Roma era uma economia baseada na agricultura. De acordo com o Capítulo V da história de Roma por Lívio, nos primeiros dias, batalhas foram travadas entre semeadura e colheita. Devido à dificuldade de mover soldados durante o inverno, se uma batalha fosse inconclusiva até o final do verão, Lívio disse: “nossos soldados devem esperar pelo inverno.Isso implica que os soldados romanos preferiram lutar durante o verão. Quando o inverno começou, os romanos preferiram fazer outras coisas, como ilustrado por Lívio, que disse: “o prazer de caçar leva os homens através da neve e da geada para as montanhas e os bosques.”

arqueiros romanos (canto superior esquerdo) em ação. Observe Capacetes cônicos, indicando unidade Síria, e arcos recurvados. Coluna de Trajano, Roma
arqueiros romanos (canto superior esquerdo) em ação. Observe Capacetes cônicos, indicando unidade Síria, e arcos recurvados. Coluna de Trajano, Roma
  1. a Guerra cerco Romano

na guerra antiga, lutar por campos abertos era a norma.
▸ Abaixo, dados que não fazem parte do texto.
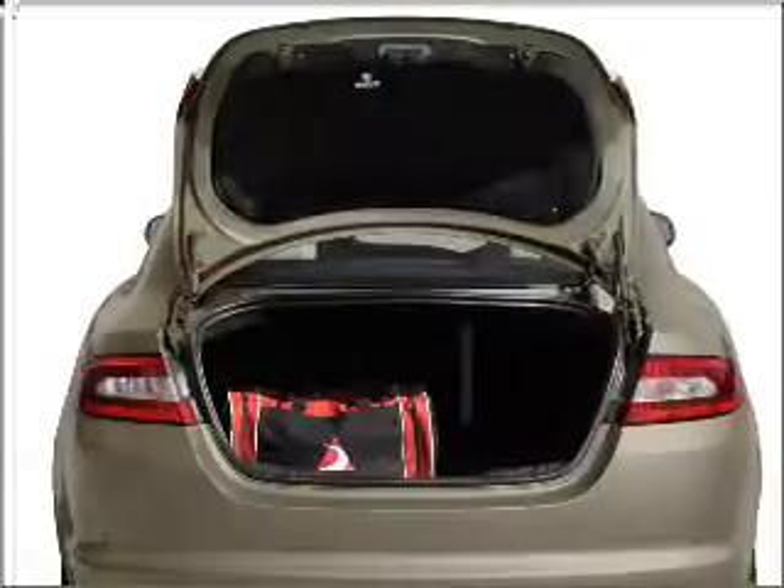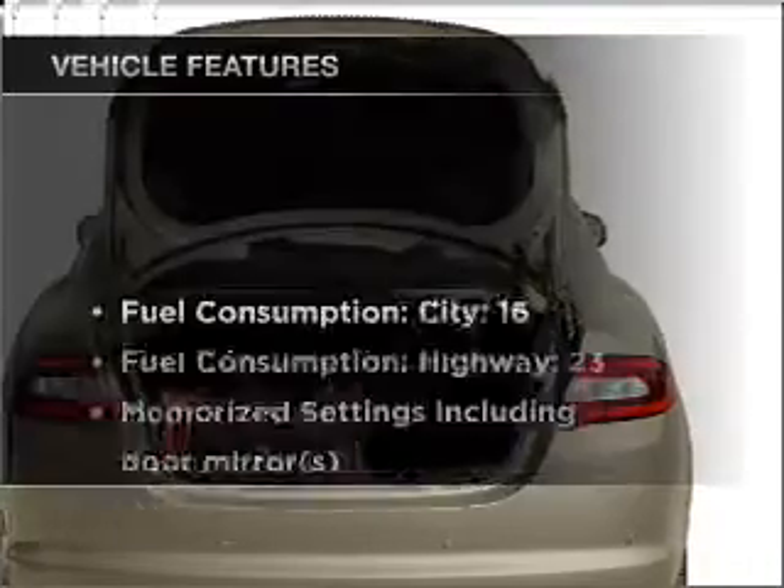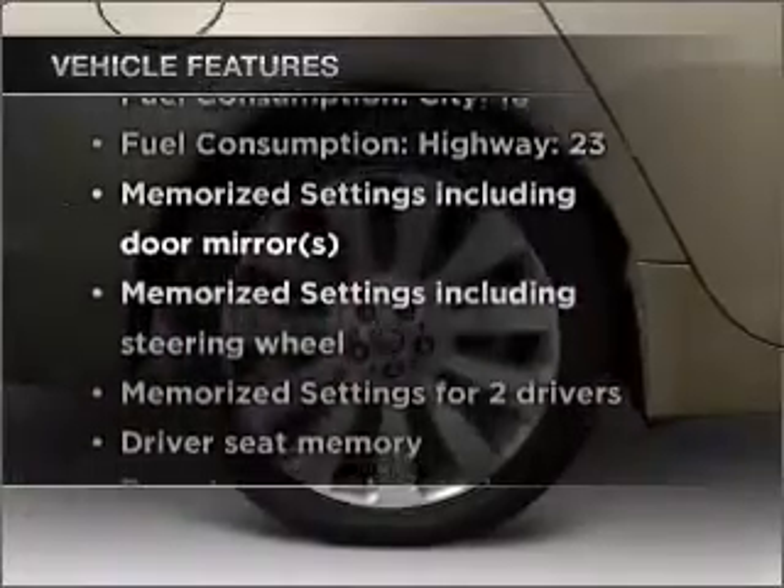There's nothing like a sunroof on a nice day. Memory settings are just one of the extras. Plus, enjoy these notable features that are included in this vehicle.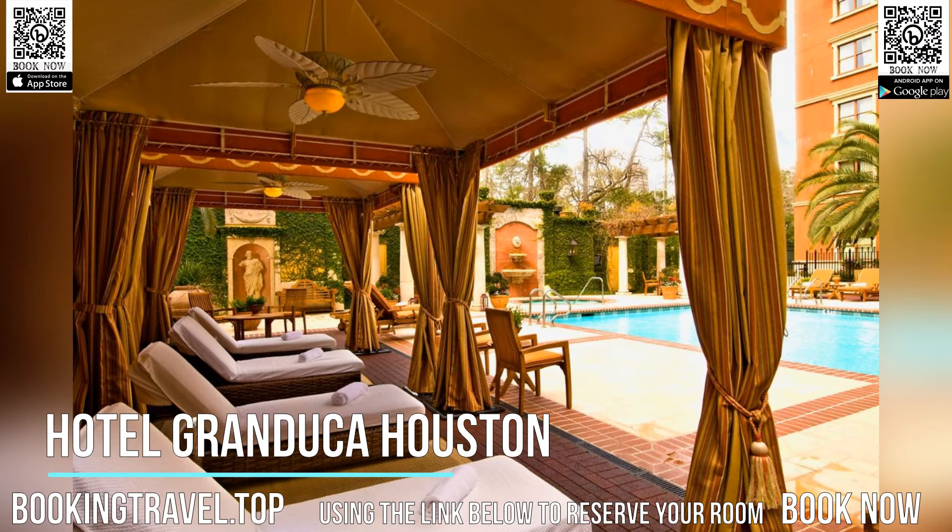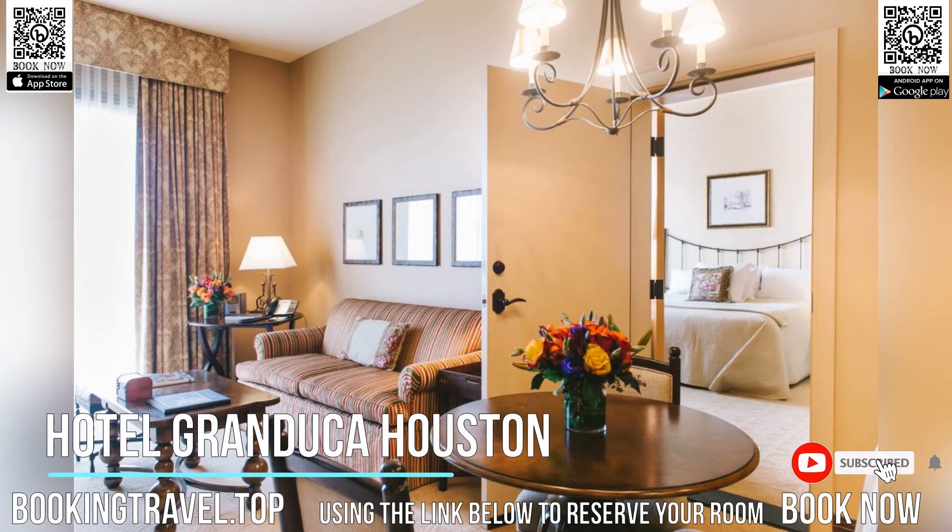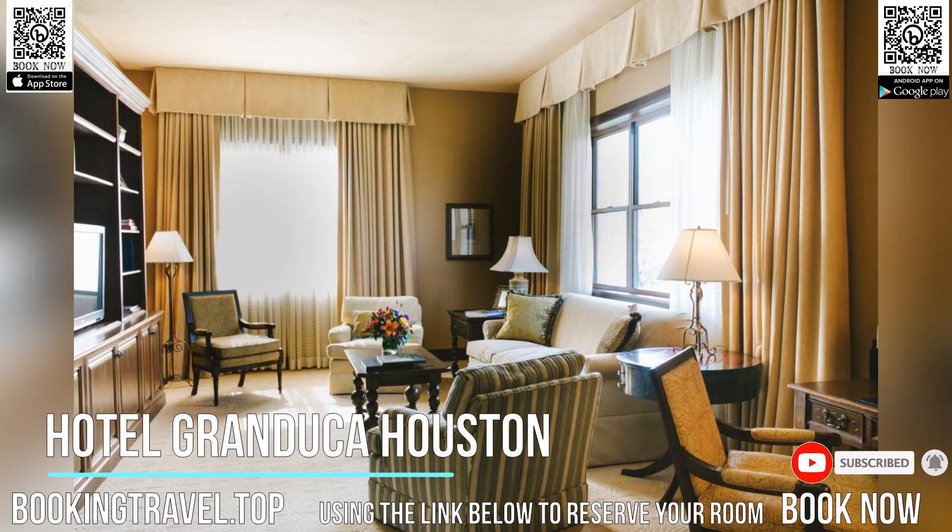This luxury hotel in Uptown Houston, Texas features free Wi-Fi and a serene garden terrace with an outdoor pool and cabana area. The hotel is across from the boutiques, restaurants, and spas at Uptown Park Shopping Center.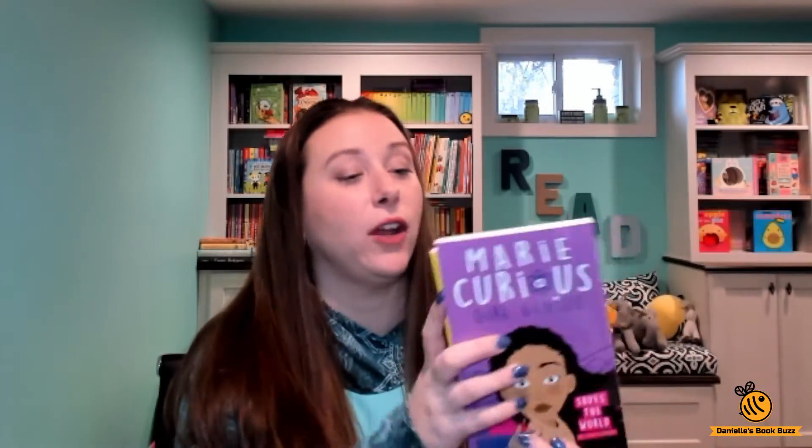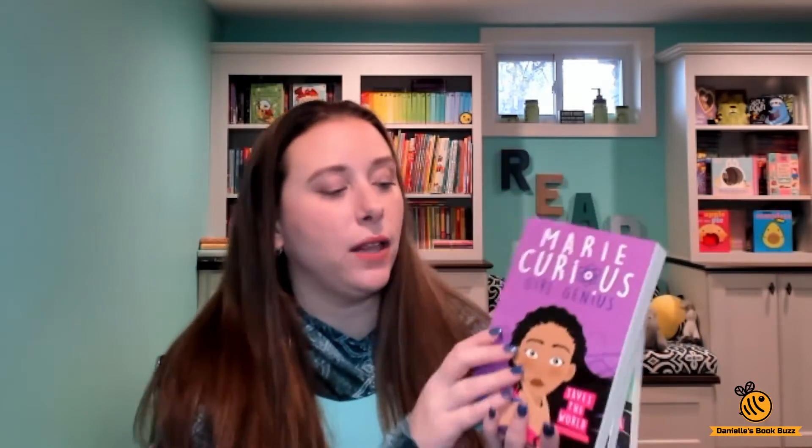So if you have someone in your life that loves science, this is an awesome series for you, especially a girl who loves science because it's like super girl power and really great. So Marie Curious uses science and her girl squad to help save the world through her inventions. There are three books in the series so far.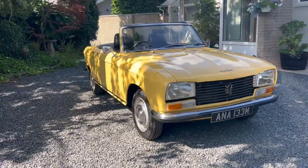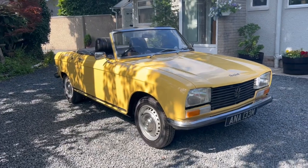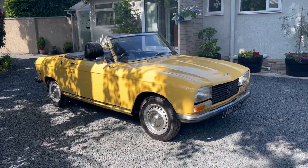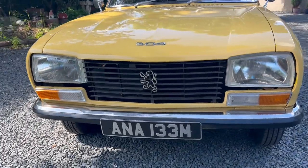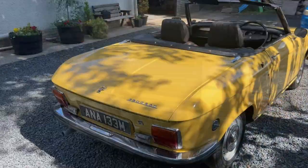A very pretty 1974 Peugeot 304S Cabriolet, one of only 836 UK supplied right-hand drive examples produced.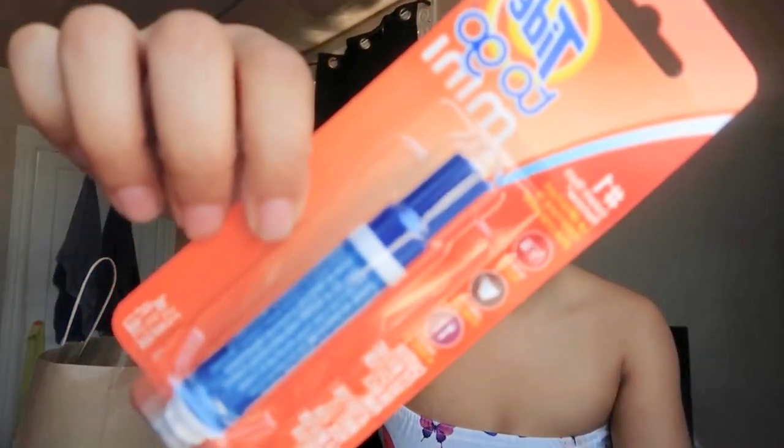The next thing I picked up was a Tide To Go. This is my go-to whenever I get a stain on my clothes while I'm outdoors. I love this — it works so well. Shout out to my bestie Raya because she's the one who put me on to this.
Mas às vezes, quando os defensores decidiram manter suas posições atrás das muralhas altamente fortificadas de sua cidade, a guerra de cerco tornou-se necessária.Como o exército romano continuou a assumir territórios, tornou-se adepto da arte da guerra de cerco. O exército empregou armas de artilharia, formidáveis torres de cerco e habilidades de engenharia para romper as paredes dos inimigos de Roma.

Ballista
Ballista

os soldados romanos eram conhecidos por continuar atacando as muralhas de uma cidade pelo tempo que levava até que as muralhas cedessem. Alguns cercos levaram vários meses ou até anos para serem realizados.No início do primeiro século aC, enquanto os romanos sitiavam a cidade de Themiscyra, os soldados teriam cavado túneis sob a cidade em uma tentativa de passar pelas muralhas.

Romana seta máquina
Romana seta máquina
Romano máquinas de cerco
máquinas de cerco Romano
  1. O Militar Romano Cultura

O militar Romano de cultura foi descrito pelo Historiador Britânico Peter Heather como sendo “assim como os Marinheiros, mas muito mais desagradável.A disciplina foi ferozmente aplicada nas Forças Armadas romanas, e o treinamento foi particularmente duro. A ênfase foi colocada na lealdade e no trabalho em equipe sobre o desempenho individual em uma tentativa de vincular os soldados a unidades de combate eficazes.

cena de relevo de legionários romanos marchando, da coluna de Marco Aurélio, Roma, Itália, século II DC.Foto: Barosaurus Lentus CC por 3.0
cena em relevo de legionários romanos marchando, da coluna de Marco Aurélio, Roma, Itália, século II DC.Foto: Barossauro Lentus CC BY 3.0

Leia outra história de nós: Como a Guerra Construiu Um Império: os Conflitos Assegurada Roma Crescimento Futuro

Durante as batalhas, todos os homens foram condicionado para manter a mesma formação e evitar selvagem balançando golpes.A alfabetização era uma virtude altamente valorizada no exército romano. De fato, o nível de alfabetização nas Forças Armadas Romanas era muito maior do que o da sociedade romana em geral.